Subj : Vegan Worcestershire Sauc
To : Ben Collver
From : Dave Drum
Date : Thu Mar 02 2023 05:16:00
-=> Ben Collver wrote to Dave Drum <=-
BC> Re: Vegan Worcestershire Sauc
BC> By: Dave Drum to Ben Collver on Wed Mar 01 2023 06:22:00
> *Real* Worcestershire sauce uses anchovies since it is a form of the
> ancient Greco/Roman fish sauce called garum. Here's a recipe that also
> does not use fish/seafood but tastes very close to the original Lea &
> Perrins version. I've not made it but my sister has - using this recipe:
>
> Title: Homemade Worcestershire Sauce
BC> Wow, i did not know about garum. Thanks for this recipe. I forwarded
BC> it to my sister.
Here's one for Garum ....
MMMMM----- Recipe via Meal-Master (tm) v8.06
Title: Cheap & Fast Garum or Liquamen
Categories: Five, Seafood, Herbs, Sauces
Yield: 1 Pint
500 g (18 oz) small fish; smelt,
- sprat, anchovy, sardine,
- whole
375 g (13.2 oz) sea salt
1 tb (heaped) dried oregano
Water
Rinse the fish under running water, leave them intact (do
not remove gills, innards or whatever).
Put fish, salt and oregano in a cooking pan, add enough
water to cover the fish with one or two inches of liquid
on top.
Bring to the boil, let boil for fifteen minutes. The fish
are cooked to a pulp. Crush the fish even more with a
wooden spoon, continue boiling until the liquid starts to
thicken.
Now start straining. First use a coarse strainer or
colander to remove all the larger bits and pieces. Then
strain the liquid several times through a kitchen cloth
until the liquid is clear. Depending on the fish you use,
and how long everything has boiled, you'll end up with a
pale yellow to deep amber coloured liquid.

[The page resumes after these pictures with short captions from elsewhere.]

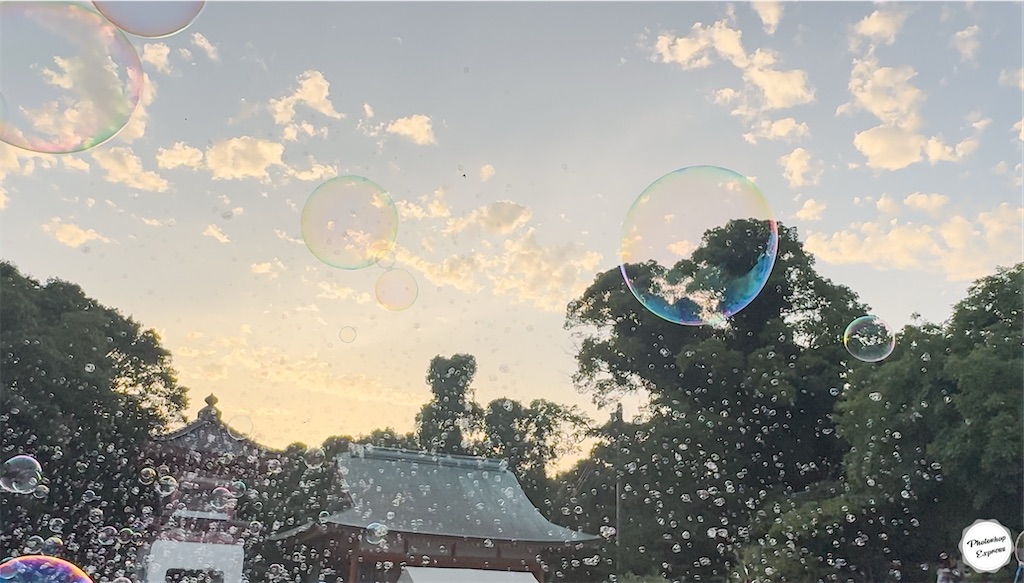 f:id:illust_and_meda0301:20250708142945j:image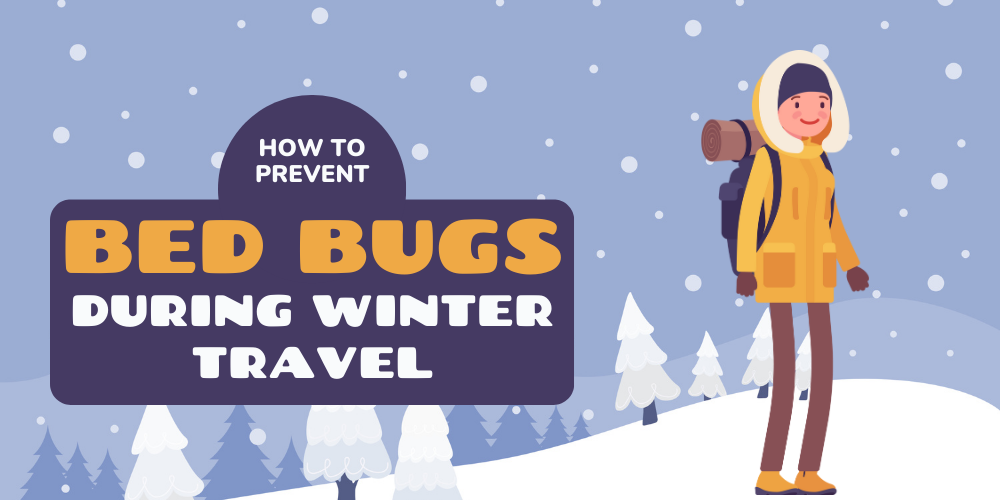 How to Prevent Bed Bugs During Winter Travel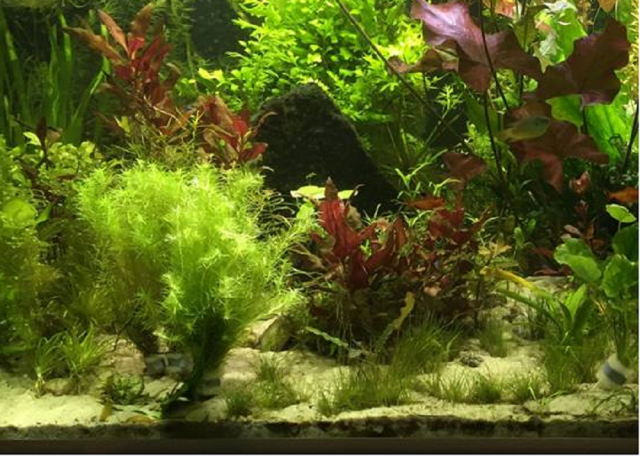 12 Bund Aquariumpflanzen plus 1 Mooskugel - Pflanzen - Dannenberg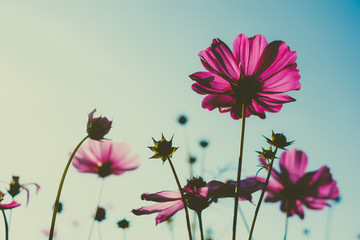 Wall Mural - Pink cosmos flower blooming with sunrise and blue sky background.Close up.Vintage tone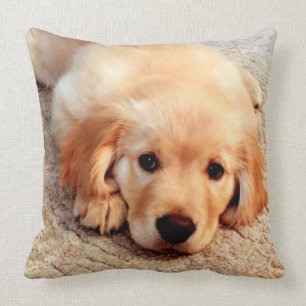 Henry's World Today Golden Retriever Pillow Kussen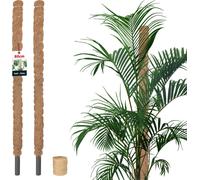 KOTARBAU® Set de 2 tuteurs de mousse pour Monstera Coco Natural ⌀ 2,5 x 80 cm Tuteur pour plantes Monstera Tuteur pour plantes Coco Moss Pole Tuteur pour plantes Monstera Tuteur pour fleurs Moss + cor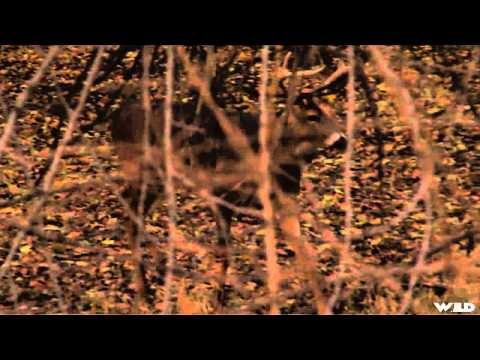 Primal Instinct - Kansas Whitetails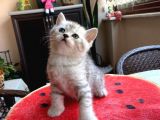 Erkek Ve Dişi Scottish Fold Ve British Shorthair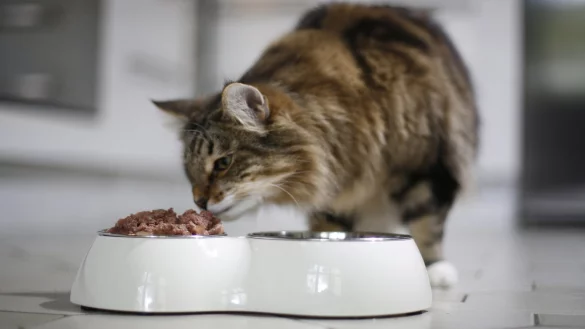 Katze am Futternapf - &copy; Foto: Ina Fassbender/dpa-tmn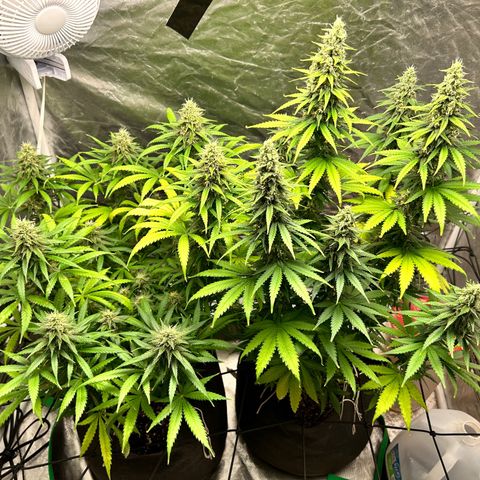 Champagne Octane growlog timeline photo
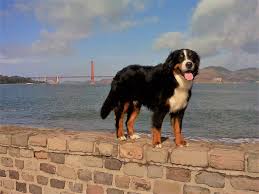 Those who love this dog simply call them berners, after the farming region in bern, switzerland. Bernese Mountain Dog Rescue Rehome Of Northern California Home Facebook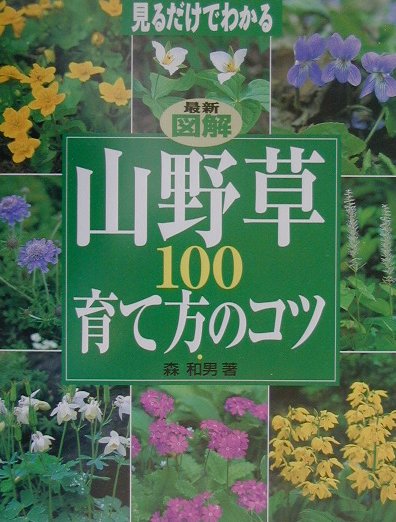 楽天ブックス 最新図解山野草100育て方のコツ 見るだけでわかる 森和男 本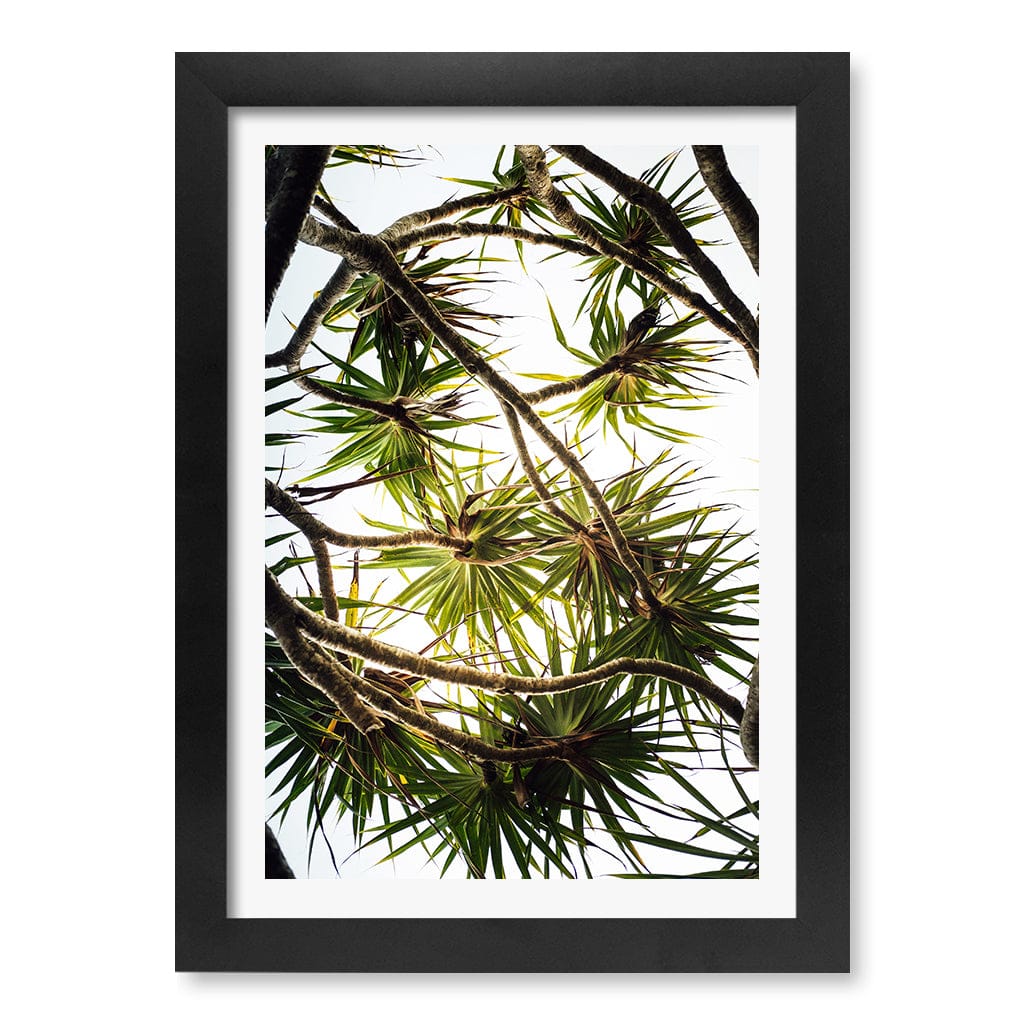 Noosa Palms Wall Art Print A4 (21 x 29.7cm) / Matte Black Frame / White Border from our Australian Made Framed Wall Art, Prints & Posters collection by Profile Products (Australia) Pty Ltd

Let it cool completely, and keep it in a glass jar in the
refrigerator. It may be that salt crystals are collecting
at the bottom of the jar.
Because of the high content of salt, this sauce will keep
for years. You'll need but a tea- or tablespoon full at
the time. Take care that you use a completely clean spoon
for taking garum out of the jar.
The end product, home-made garum, although "cheap and
fast", is surprisingly tasty and not at all fishy. The
main difference with the Eastern fish sauces is that this
sauce is not fermented but boiled. Moreover, the Roman
garum is made with herbs, which adds an extra dimension
to its taste.
From:
http://www.coquinaria.nl
Uncle Dirty Dave's Archives
MMMMM
... Why do dried plums cost more than prunes.